Le cas du RDPC devient ainsi un miroir grossissant du système politique camerounais : une centralisation excessive, un déficit de renouvellement, et une élite coupée de la base. Cette plainte n’est pas isolée : elle s’inscrit dans un contexte régional africain où les exigences de bonne gouvernance, de transparence et de participation citoyenne deviennent de plus en plus pressantes.

Conclusion : Une voix dissonante ou l’éveil d’une nouvelle conscience politique ?

La démarche de Léon Theiler Onana pourrait être vue comme marginale, voire risquée. Mais elle s’inscrit dans un processus de réveil démocratique au sein du Cameroun. Son geste, même s’il n’aboutit pas juridiquement, provoque un débat de fond sur la légitimité, l’alternance, et la démocratie interne dans les partis politiques.

Il met les décideurs face à un dilemme : renforcer les institutions internes par le respect des textes, ou continuer dans une logique de personnalisation et de gestion clanique du pouvoir, au risque d’un rejet populaire massif.

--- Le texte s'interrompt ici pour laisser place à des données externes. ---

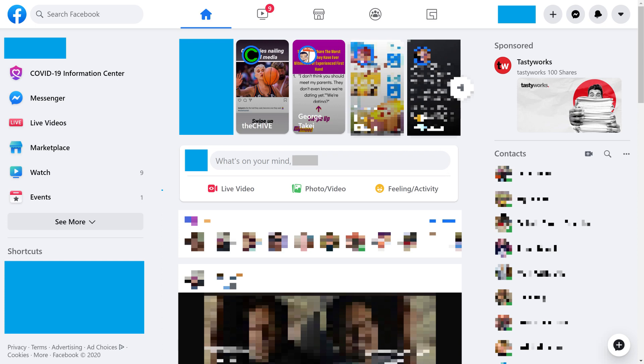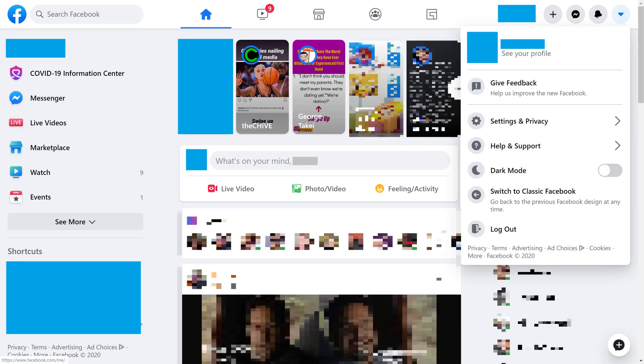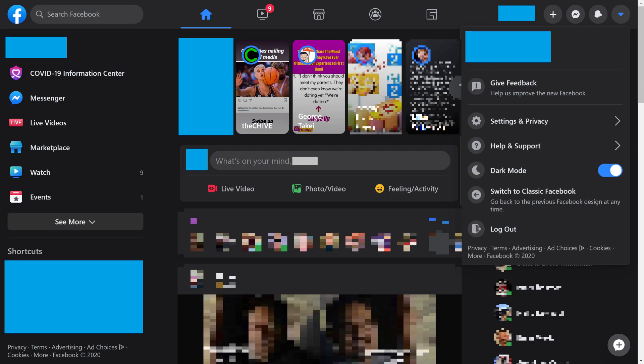Step 2: Click the drop-down arrow in the top right corner of the screen to open a drop-down menu, and then click the dark mode toggle in the menu. The Facebook dark theme will instantly be applied to your page.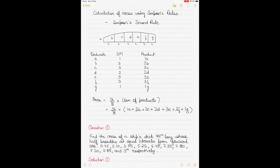This is another video on the topic of ship stability, today focusing on calculation of areas using Simpson's Rule — particularly Simpson's Second Rule. I have previously made a video on Simpson's First Rule. Simpson's rules are very popular among mariners and naval architects.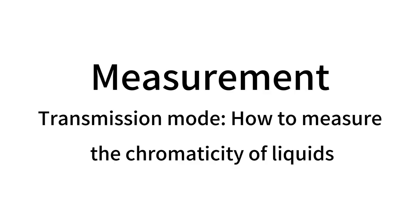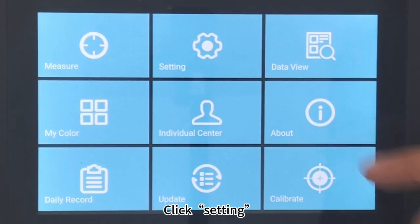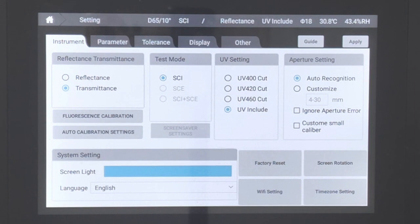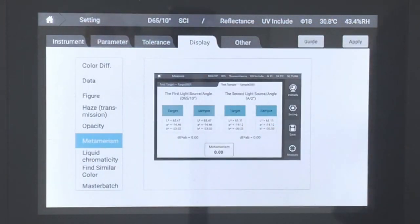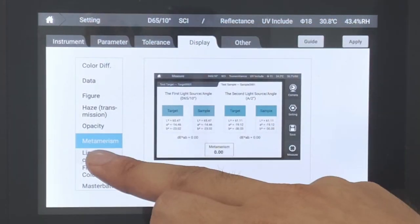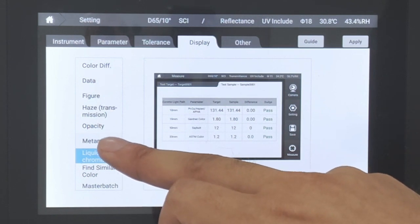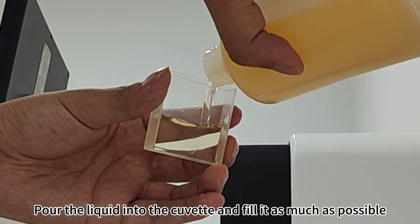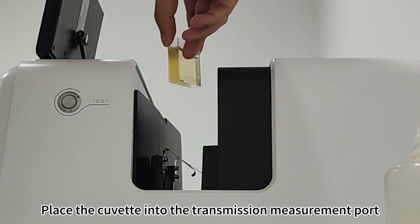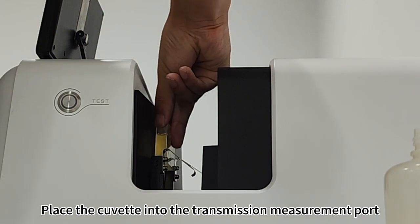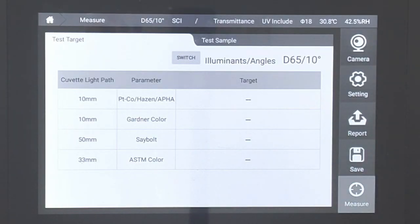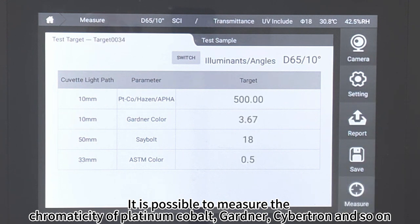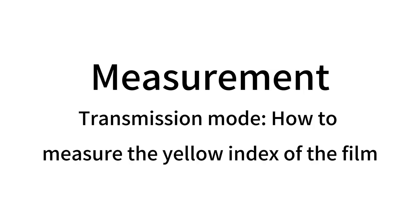Transmission Mode. How to measure the chromaticity of liquids: Click Setting, then click Transmittance. Click Display, then click on Liquid Chromaticity and click Apply. Pour the liquid into the cuvette and fill it as much as possible. Place the cuvette into the transmission measurement port and click Measure. It is possible to measure the chromaticity of platinum cobalt, Gardner, Saybolt, and so on.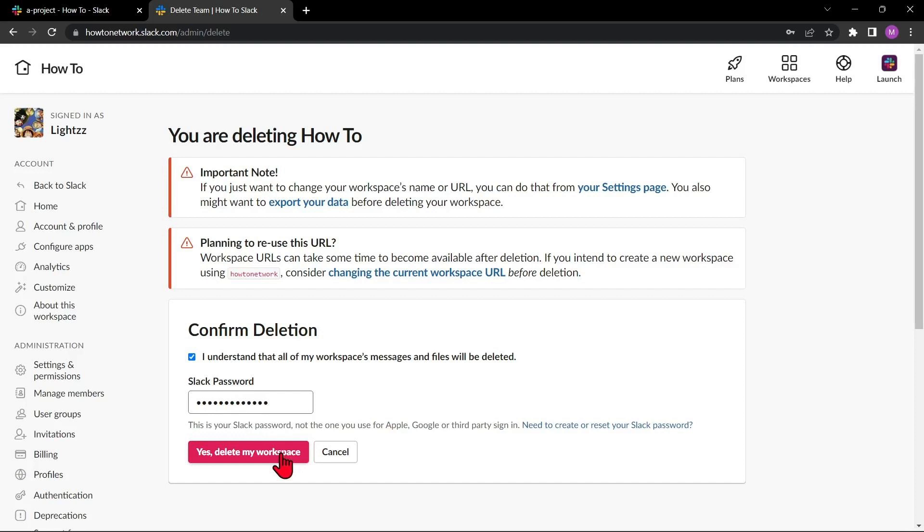After that, your workspace will be deleted. That's it for our video. If you wanted to know how to delete a workspace on Slack, that is the easiest way I know how.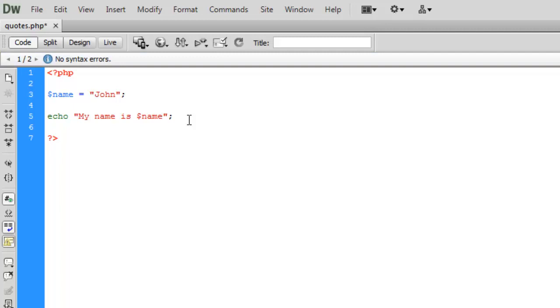But of course with double quotes what we can do is we can put the variable name directly within the double quotes. Okay so that's why we would use double quotes because the actual value is being interpreted. It's not being treated literally. If we were to use single quotes it would be treated literally. So let me just show you here.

🔎 Bibliographie indicative :

  • Bayart, J.-F. (1989). L’État en Afrique : La politique du ventre. Fayard.
  • Barkan, J. (2009). Emerging Legislatures: Institutions of Horizontal Accountability. World Bank Institute.
  • Kouamouo, T. (2023). « RDPC : tensions internes et perspectives électorales », Le Monde Afrique.
  • Constitution du RDPC (Statuts officiels, version 2011).